Given the root of a complete binary tree, return the number of the nodes in the tree. According to Wikipedia, every level, except possibly the last, is completely filled in a complete binary tree, and all nodes in the last level are as far left as possible. It can have between 1 and $2^h$ nodes inclusive at the last level h. Design an algorithm that runs in less than O(n) time complexity.

(from leetcode 222)

Explanation

The solution is introduced by this discussion post. According to this solution, we define the height of a node to be the number of nodes along the path when we keep going to the left.

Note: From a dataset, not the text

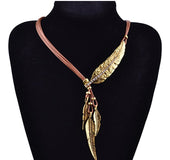Collar Hoja De Plumas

We’ll then count the total nodes recursively:

• when root's height - 1 == root.right's height (situation in Fig(1)): left subtree of root is a full binary tree with $2^{(root.right’s height)}-1$ nodes
• when root's height - 1 != root.right's height (situation in Fig(2)): right subtree of root is a full binary tree with $2^{(root.right’s height)}-1$ nodes Either of the above situation, we can increment the count by the full subtree plus the root itself (red nodes in the figures above) and move on to the other subtree.

Python3 Implementation

def countNodes(root: Optional[TreeNode]) -> int:
    if not root:
        return 0
    def height(n):
        if not n:
            return -1
        else:
            return 1 + height(n.left)
    
    h = height(root)
    if height(root.right) == h-1:
        # left half subtree guaranteed to be complete with height of (h)
        return (1<<h) + countNodes(root.right)
    else:
        # right hald subtree guaranteed to be complete with height of (h-1)
        return (1<<h-1) + countNodes(root.left)